Pension Lump Sum vs Traditional Annuity Decision Variables

The list of factors will be different for everyone. There are two key sides to the Pension Lump Sum vs Traditional Annuity equation. Pension Health and You. You, as in your unique financial, physical health, longevity, etc. that needs to be considered.

Pension Health

Pension plan funding status can become the biggest variable in your decision. If the funding level is below 80% then Lump Sums will be restricted. Pension plans are usually insured by the PBGC. But there are limits to what they will payout depending on your age at default and the severity of the under-funding.

My Pension’s health Issue

In my case my pension plan was underfunded but still just above 80%. Lump Sums were still on the table. Another issue is how your company talks about the pension plan. The company I worked for was taken over by a non-pension benefit providing company. The new company depleted the plan over several years. They did this by paying severance for tens of thousands of laid off employees. How they got the Fed’s blessing to do that is beyond me.

A few years later the company CEO advised that they were freezing the plan. The pension fund was underfunded hundreds of millions of dollars. He laid it all out there. They had no intentions of adding another dime to the pension plan they had severely depleted. The attitude to me was that they would let it default if it came to it. They could care less about their retirees.

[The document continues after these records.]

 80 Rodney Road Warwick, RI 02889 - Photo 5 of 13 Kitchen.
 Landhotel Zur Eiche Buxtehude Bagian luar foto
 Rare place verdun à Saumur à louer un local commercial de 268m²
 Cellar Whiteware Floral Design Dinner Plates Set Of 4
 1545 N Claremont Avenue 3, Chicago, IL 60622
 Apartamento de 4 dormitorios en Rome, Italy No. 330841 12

I didn’t really want to be tied to it wondering year to year through my retirement what might happen. If you want to check your Pension plan health see my page, Can You Depend on Your Pension for details.

The Lump Sum Offered

Pension payouts have complicated and sometimes unknown calculation used to come up with your annuity’s lump sum equivalent. Many Pension annuities are based on a 7% to 8% return which we know isn’t realistic today. The Lump Sum should be an amount that would allow you to buy your own annuity for the same monthly payment as the pension annuity. That said, the lump sum may be tied to the interest rate of the US Treasury Bond rate.

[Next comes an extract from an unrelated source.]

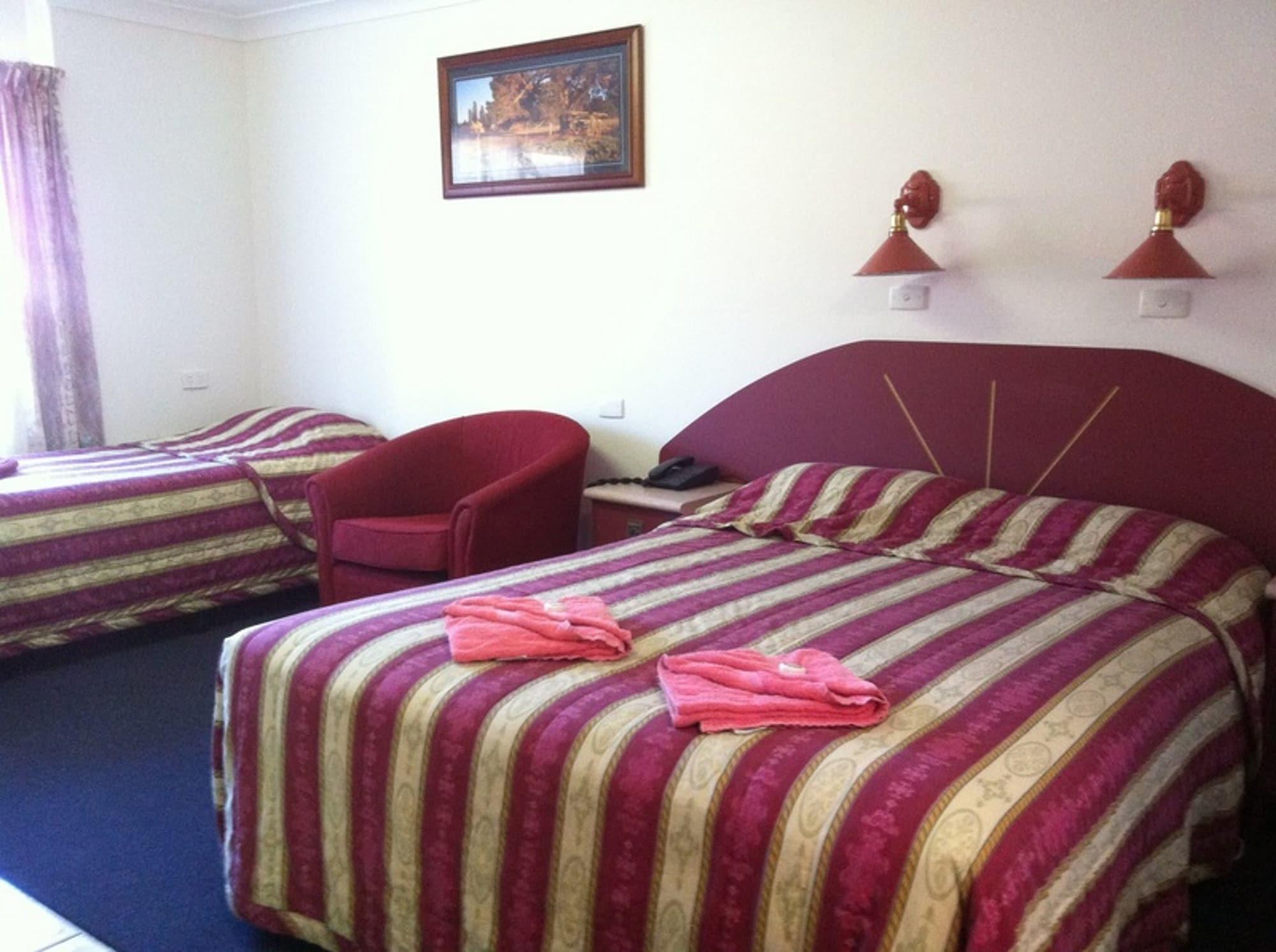Homestead Motel Dubbo Buitenkant foto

The amount of lump sum being offered is usually for the companies benefit. They are offering an amount that they believe will save them money. Not a gratuitous amount out of the kindness of their heart and love for you. The amount offered compared to the monthly payment amount needs to be completely analyzed. Analyzed to determine the Lump Sum’s value to annuity percentage. If the Lump Sum’s value to Annuity is low you might be looking at  a poor lump sum offer.

Inflation

Some Pension plan annuities have cost-of-living increases tied to yearly inflation. Some offer that as an option but it comes with a lower monthly payment. Most have no cost-of-living benefit. If you choose to take the annuity and there is no cost-of-living increases you must consider that in your decision. That is becasue over time your pension’s spending power will be diminished.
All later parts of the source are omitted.